* _Instructions to follow_: Please transcribe the data below exactly. Leave the pictures out.

Start of Dataset excerpt

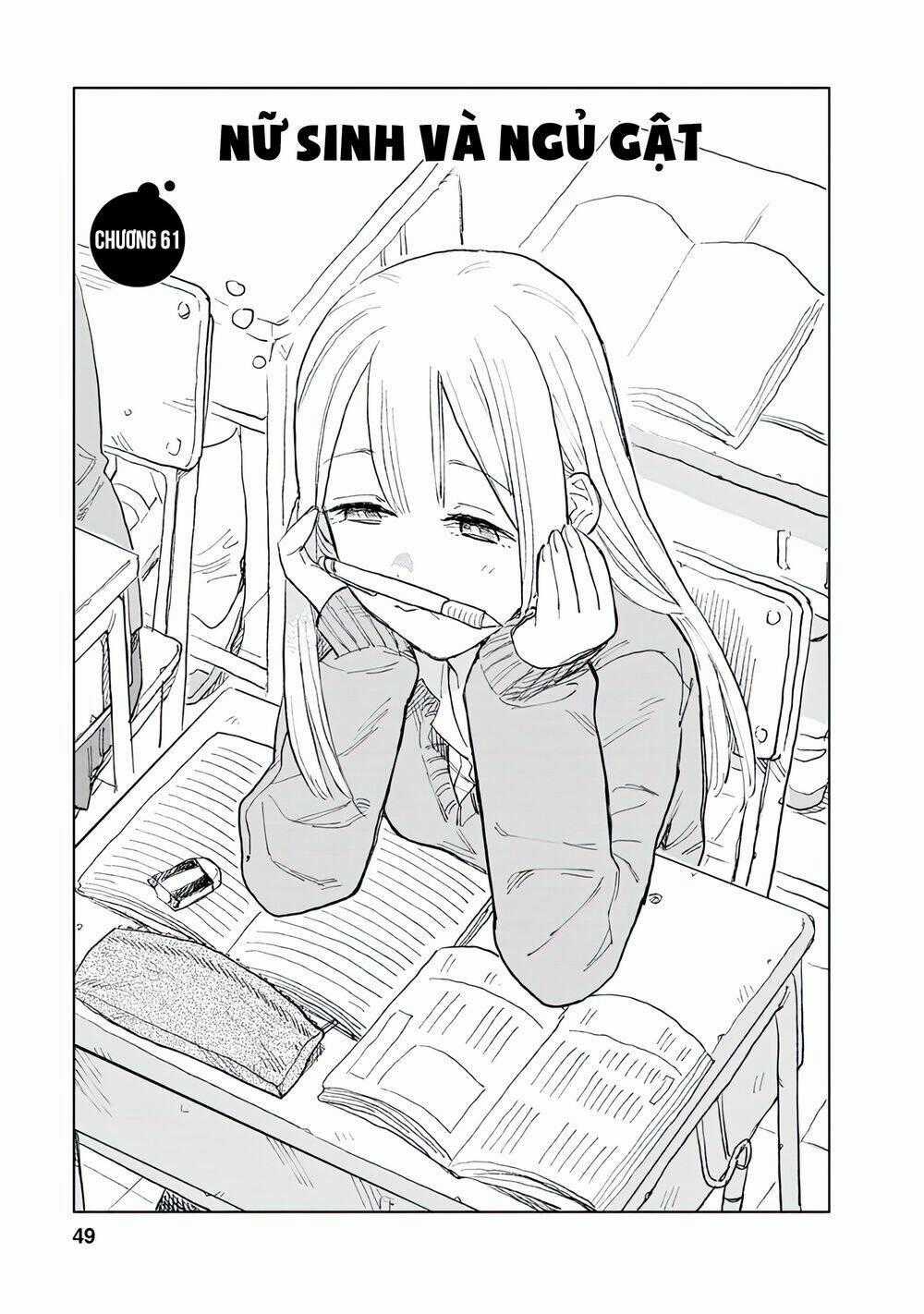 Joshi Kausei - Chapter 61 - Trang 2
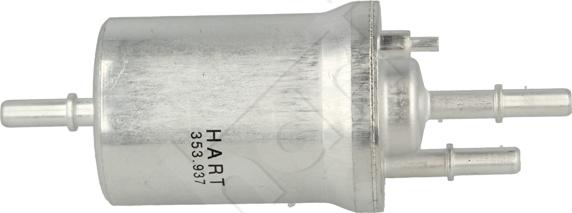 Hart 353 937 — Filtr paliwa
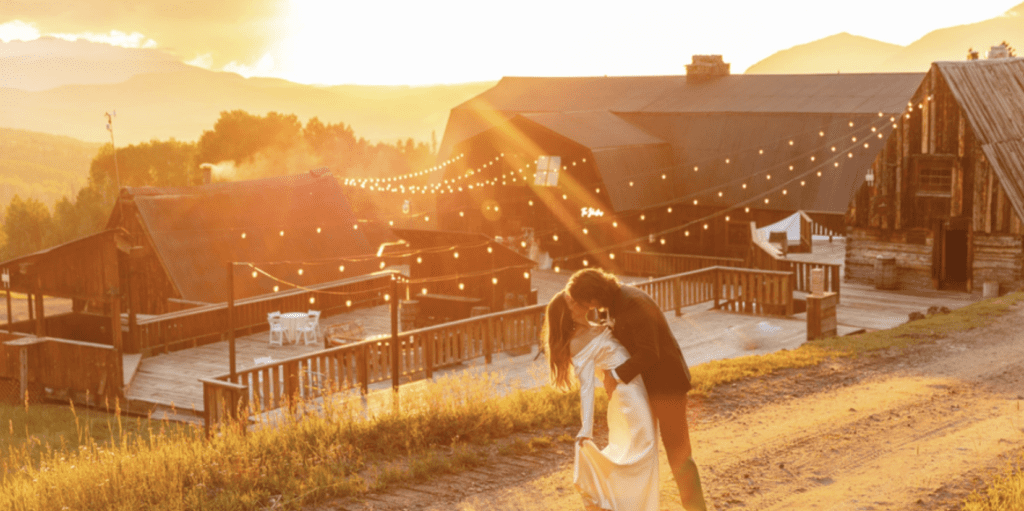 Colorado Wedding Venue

End of Dataset excerpt

* _Output below_:
 Joshi Kausei - Chapter 61 - Trang 2
 Hart 353 937 — Filtr paliwa
 Colorado Wedding Venue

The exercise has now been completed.